Contrairement à Marmoutier, l'architecte ici joue du contraste de l'ombre et de la lumière, creusant profondément les surfaces de porches, de baies et d'arcades, multipliant les colonnettes des fenêtres, accentuant le profil des lisènes, des frises, des contreforts et de l'ornement en forme de treillis qui couvre le fronton central.

De l'ancienne abbatiale de Murbach, situé dans un magnifique décor de montagnes au pied du Grand Ballon, il ne reste plus que le transept flanqué de deux tours carrés et le chevet très élevé, droit, sans abside.
Telle quelle, Murbach où l'esprit de Cluny est sensible, est la plus classique des églises romanes d'Alsace, d'une simple grandeur, pleine de mesure, d'un goût parfait.
Ste-Foi de Sélestat (vers 1200) plus ornée, plus romantique, s'il est permis d'employer ici ce terme, a été terriblement restaurée au siècle dernier; ce qu'il en reste d'authentique, le chœur orné de colonnettes, de damiers, de tresses et de torsades, et sa belle tour octogonale à la flèche convexe, dénote des influences bourguignonnes et méridionales, que l'on retrouve d'ailleurs dans certaines églises rhénanes contemporaines telles que la cathédrale de Worms.

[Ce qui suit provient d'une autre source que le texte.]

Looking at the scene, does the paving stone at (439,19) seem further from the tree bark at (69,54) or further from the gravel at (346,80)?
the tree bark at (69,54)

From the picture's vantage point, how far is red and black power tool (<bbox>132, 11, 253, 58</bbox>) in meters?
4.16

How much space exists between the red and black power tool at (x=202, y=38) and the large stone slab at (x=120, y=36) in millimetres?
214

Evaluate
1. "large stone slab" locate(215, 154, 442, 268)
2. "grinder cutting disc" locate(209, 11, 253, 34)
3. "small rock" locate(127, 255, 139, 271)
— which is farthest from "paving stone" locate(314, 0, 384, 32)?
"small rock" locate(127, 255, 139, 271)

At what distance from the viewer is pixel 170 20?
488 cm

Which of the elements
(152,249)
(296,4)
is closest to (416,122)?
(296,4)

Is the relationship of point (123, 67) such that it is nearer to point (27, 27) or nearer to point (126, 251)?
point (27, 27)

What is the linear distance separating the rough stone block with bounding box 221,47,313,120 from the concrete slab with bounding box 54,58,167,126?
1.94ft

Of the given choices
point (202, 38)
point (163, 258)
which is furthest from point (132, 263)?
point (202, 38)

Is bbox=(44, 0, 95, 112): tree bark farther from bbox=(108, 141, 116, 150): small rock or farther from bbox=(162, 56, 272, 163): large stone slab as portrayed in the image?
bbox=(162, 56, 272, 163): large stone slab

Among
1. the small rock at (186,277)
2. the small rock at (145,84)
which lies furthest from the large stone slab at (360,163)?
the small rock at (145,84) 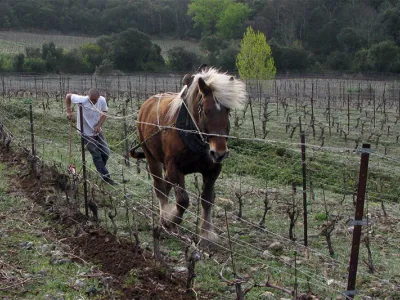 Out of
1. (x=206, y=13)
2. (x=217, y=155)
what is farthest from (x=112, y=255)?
(x=206, y=13)

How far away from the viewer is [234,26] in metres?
74.8

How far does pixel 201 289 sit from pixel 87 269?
1.10 meters

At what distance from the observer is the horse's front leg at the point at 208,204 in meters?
5.83

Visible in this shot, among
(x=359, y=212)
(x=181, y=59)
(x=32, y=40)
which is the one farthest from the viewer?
(x=32, y=40)

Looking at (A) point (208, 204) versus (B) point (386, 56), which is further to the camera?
(B) point (386, 56)

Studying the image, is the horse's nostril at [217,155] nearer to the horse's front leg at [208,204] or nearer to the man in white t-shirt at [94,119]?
the horse's front leg at [208,204]

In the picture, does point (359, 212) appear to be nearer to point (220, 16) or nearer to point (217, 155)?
point (217, 155)

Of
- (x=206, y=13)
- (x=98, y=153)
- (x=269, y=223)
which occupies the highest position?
(x=206, y=13)

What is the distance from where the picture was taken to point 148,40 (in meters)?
54.8

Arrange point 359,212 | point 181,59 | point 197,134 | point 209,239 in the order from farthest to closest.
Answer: point 181,59, point 209,239, point 197,134, point 359,212

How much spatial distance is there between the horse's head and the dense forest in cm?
4622

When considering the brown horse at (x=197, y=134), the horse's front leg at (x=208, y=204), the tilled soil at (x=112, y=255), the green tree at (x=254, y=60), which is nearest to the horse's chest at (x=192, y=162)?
the brown horse at (x=197, y=134)

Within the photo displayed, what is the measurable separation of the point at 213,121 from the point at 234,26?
71.5 metres

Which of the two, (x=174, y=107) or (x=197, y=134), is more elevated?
(x=174, y=107) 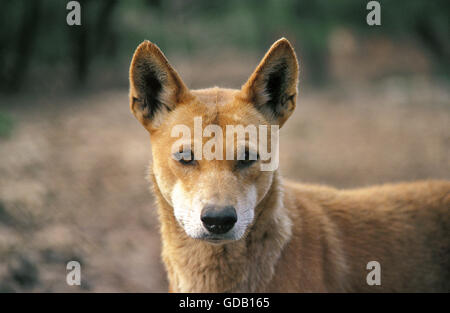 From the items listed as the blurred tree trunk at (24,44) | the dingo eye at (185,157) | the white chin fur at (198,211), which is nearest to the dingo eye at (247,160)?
the white chin fur at (198,211)

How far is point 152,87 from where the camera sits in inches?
133

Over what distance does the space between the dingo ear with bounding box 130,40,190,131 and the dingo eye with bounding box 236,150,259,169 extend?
66 centimetres

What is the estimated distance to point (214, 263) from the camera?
10.5 ft

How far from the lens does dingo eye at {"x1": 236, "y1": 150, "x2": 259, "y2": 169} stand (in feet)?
9.96

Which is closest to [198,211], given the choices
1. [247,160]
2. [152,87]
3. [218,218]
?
[218,218]

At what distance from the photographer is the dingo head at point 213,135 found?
2848 mm

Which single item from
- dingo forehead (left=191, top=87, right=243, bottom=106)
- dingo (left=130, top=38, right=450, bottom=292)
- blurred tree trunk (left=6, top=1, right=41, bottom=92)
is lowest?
dingo (left=130, top=38, right=450, bottom=292)

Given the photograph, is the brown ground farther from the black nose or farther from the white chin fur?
the black nose

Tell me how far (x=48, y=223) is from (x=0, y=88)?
6167 mm

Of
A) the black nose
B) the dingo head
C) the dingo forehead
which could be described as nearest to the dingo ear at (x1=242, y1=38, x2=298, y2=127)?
the dingo head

Ces œuvres maîtresses de l'architecture romane en Alsace s'accompagnent d'innombrables autres, parmi lesquelles nous mentionnerons : la chapelle de la Croix au Mont Sainte-Odile ; St-Adelphe de Neuwiller-lès-Saverne ; le chœur de St-Pierre-St-Paul, paroissiale de la même petite cité, qui présente un savoureux mélange de styles allant du XIe au XVIIIe siècle, et dont la chapelle St-Sébastien, à deux étages, est d'une pureté de style admirable ; St-Georges de Haguenau ; les belles ruines de Niedermunster, perdues dans les forêts de Ste-Odile ; le majestueux clocher de Gueberschwihr ; le chœur de Pfaffenheim ; Alspach dégradé en usine ; les abbatiales de St-Jean-des-Choux, de Surbourg, de Lautenbach, cette dernière fortement refaite au XIXe siècle, mais qui possède un élégant et original narthex.
Enfin St-Etienne de Strasbourg, la plus ancienne des églises de la ville, cruellement mutilée à travers les siècles, et dont un bombardement aérien, en 1944, na laissé subsister que le simple et beau transept aux trois absides.
Et gardons-nous d'oublier les innombrables églises de campagne remontant à cette époque, les Cendrillons de village, les clochers dans les vignes , humbles, frustes, mais où telle arcade d'un goût parfait, tel ornement discret on truculent témoigne de l'invincible aspiration à la beauté, innée à la race.

On peut noter, à travers toute l'histoire de l'architecture en Alsace, une tendance nettement conservatrice, une lenteur à adopter le nouveau.
En un temps où le nouveau langage de formes né en Ile-de-France et qu'on appellera le style gothique, épanouit sa floraison splendide, c'est tout juste si, chez nous, apparaissent timidement et de loin en loin quelques formes ogivales.
Alors que, depuis plus d'un siècle sont achevés l'abside et les arcs-boutants de Notre-Dame de Paris, ce miracle de hardiesse et d'élégance imaginé par le nouvel art de construire, l'église St-Thomas à Strasbourg conserve la carrure du style roman et sa silhouette de château fort, sur laquelle viennent paradoxalement se poser quelques éléments gothiques.

Enfin, à Andlau, par un phénomène d'archaïsme fort rare et du moins en Alsace unique les piles du XIIe siècle supportent des voûtes cruciformes construites en plein XVIIe, de style roman tel qu'on pouvait l'entendre à cette époque; les bas-côtés sont éclairés de fenêtres en plein cintre, contrastant étrangement avec les tribunes bordées de balustres qui s'étendent des deux côtés de la nef.
La lente transition du roman au gothique se lit à livre ouvert, même pour un profane, à la cathédrale de Strasbourg qui concentrera pour un long temps tous les efforts artistiques de la région.